Abstract

Charles Babbage is rarely regarded as a major contributor to economic thought. His name is synonymous with the early origins of the computer, and he was an important figure in early nineteenth-century scientific circles. He was educated at Trinity College and Peterhouse, Cambridge, and while still a student started the Analytical Society with Herschel and Peacock, for reforming mathematics in Britain. His interest in mathematics was the foundation for his later contributions to science, economics and statistics. After Cambridge, Babbage moved to London, where he began his lifelong work on his analytical engine and became a leading participant in scientific circles.

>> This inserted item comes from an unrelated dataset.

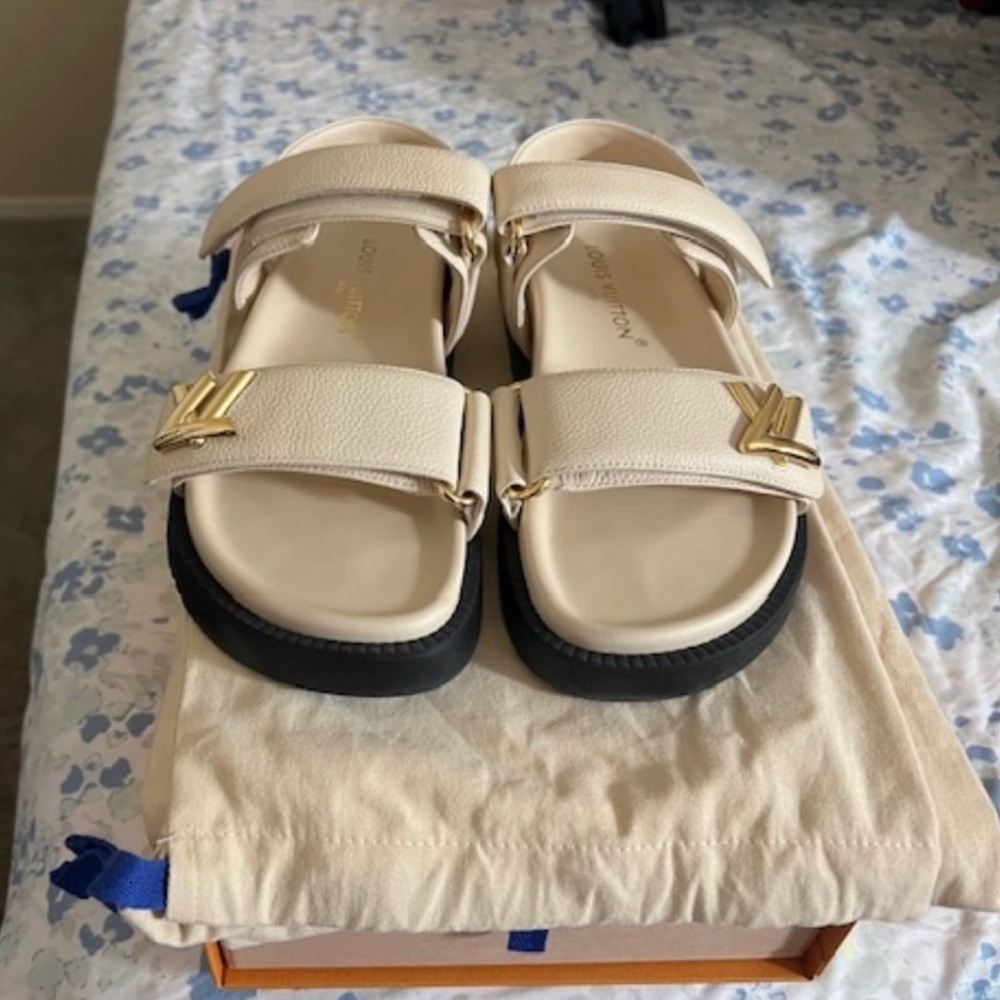 Louis Vuitton Sunset comfort flat sandal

He joined the Royal Society and was a founding member of the Cambridge Philosophical Society and the Royal Astronomical Society. Later he was to be one of Newton’s illustrious successors in the Lucasian Chair of Mathematics at Cambridge. But he was also a radical if maverick intellectual and political critic. He wanted to see science reformed, to see British science play a leading part in theoretical advance, and to see this science related closely to applied technology. He also demanded a role for the state in providing support for science and university education, and for establishing a policy on technology. He wrote a controversial attack on the Royal Society, Reflections on the Decline of Science and Some of its Causes (1830), and was one of the founding trustees of the British Association for the Advancement of Science, with the purpose of bringing science and technology, from the provinces as well as the metropolis, into the forefront of culture and society.